SARSAT Partners in the United States

Collaboration from the Start

Just as it takes a village to raise a child, the research and application of Search and Rescue Satellite-Aided tracking (SARSAT) in the United States has flourished thanks to the coordinated efforts of numerous government agencies and countless dedicated people in the public and private sector, working together as far back as the seventies. They nurtured the idea of using space-based technology to improve the ability of search and rescue responders to save the lives of people in distress at sea or as a result of aviation accidents. Subsequent generations of scientists, engineers, technicians, and frontline SAR responders continue to evolve the design, operation and application of this unique programme that provides the most direct, reliable way for Americans and people around the world to send a distress signal from a remote location and know they will be heard.

NOAA logo

National Oceanic and Atmospheric Administration

The National Oceanic and Atmospheric Administration (NOAA) operates the SARSAT system and represents U.S. interests on the international stage with Cospas-Sarsat.

National Aeronautics and Space Administration

The National Aeronautics and Space Administration (NASA) aids in the development of search and rescue (SAR) technologies, as well as the flight and ground systems that support them.

United States Air Force

The U.S. Air Force Rescue Coordination Center (AFRCC) is responsible for authenticating the distress alert and coordinating on-land federal search and rescue (SAR) operations in the contiguous United States

U.S. Space Force

The U.S. Space Force (USSF) is the newest branch of the Armed Forces and will provide space capabilities to other U.S. and allied interests

United States Coast Guard

The U.S. Coast Guard not only provides Rescue Coordination but also conducts search and rescue missions for all international inland and maritime SAR areas of responsibility. Coast Guard RCCs are set up to cover specific geographic areas and act as command and coordination centers.

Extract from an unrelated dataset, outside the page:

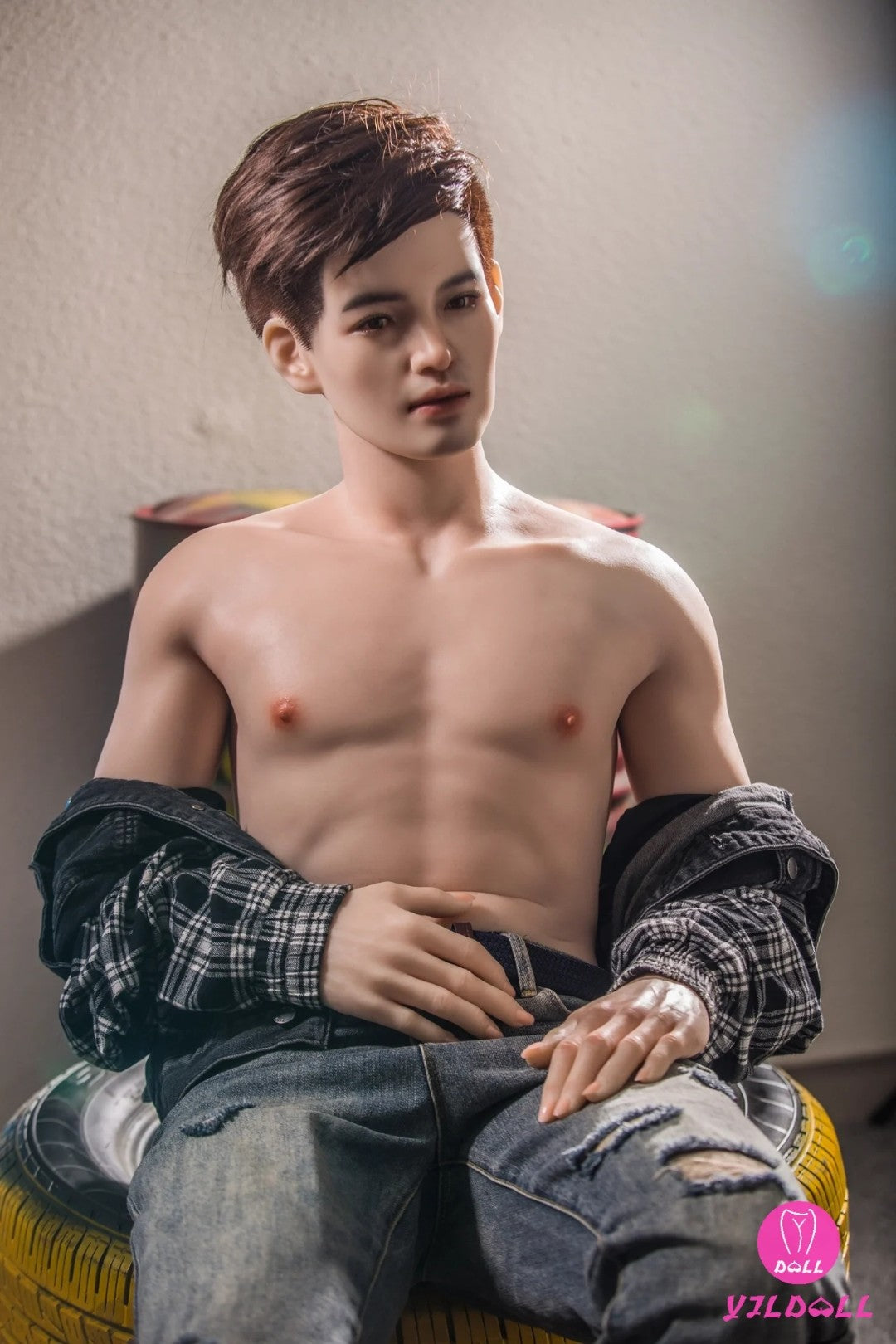 Joseph Male Sex Doll (YJL Doll 177 cm MD011 silikonas)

There are nine RCCS and two Rescue Sub-Centers (RSCs) located on the East, West and gulf coasts, Alasa, Hawaii, Guam and Puerto Rico, as well as on the Great Lakes and inland U.S. waterways.

Alaska Rescue Coordination Center

The Alaska Rescue Coordination Center (AKRCC), operated by the Alaska Air National Guard, is the single agency that provides 24 hour rescue coordination capability for the inland Alaska search and rescue region.

National Search and Rescue Community

The National Search and Rescue Community (NSARC) is a federal-level committee formed to coordinate civil search and rescue (SAR) matters of interagency interest within the United States.